"To rozgrzewa moje serce, daje mi wiele radości. Zawsze starałem się dawać z siebie wszystko na boisku: dla fanów, dla mojej rodziny, dla kolegów z drużyny, dla klubu. To było cudowne pięć lat" - powiedział 32-letni Francuz-Algierczyk, wyraźnie wzruszony sympatią, jaką wciąż darzą go kibice Betisu.
Fekir nie ukrywa, że nadal śledzi mecze Betisu, kiedy tylko może: "Mam wiele sympatii do Betisu i śledzę ich mecze. Wiesz, w Betisie zawsze coś się dzieje. To drużyna, która lubi grać, ma dobrego trenera i bardzo utalentowanych zawodników. To była przyjemność tam grać, moja rodzina była bardzo szczęśliwa w Sewilli i to zostanie ze mną na całe życie".
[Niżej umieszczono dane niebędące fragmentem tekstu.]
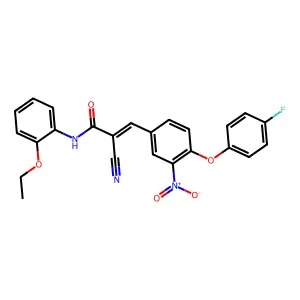 2-cyano-N-(2-ethoxyphenyl)-3-[4-(4-fluorophenoxy)-3-nitrophenyl]prop-2-enamide structure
Zapytany o ewentualny powrót, Nabil Fekir pozostawił otwarte drzwi: "Może być, może być. Nie mam teraz czasu, ale pewnego dnia na pewno wrócę na Benito Villamarín, choćby jako kibic. Kiedy znajdujesz miejsce, w którym jesteś szczęśliwy, gdzie ludzie żyją futbolem na 100 procent, nie zapominasz o tym. W piłce nożnej nigdy nic nie wiadomo".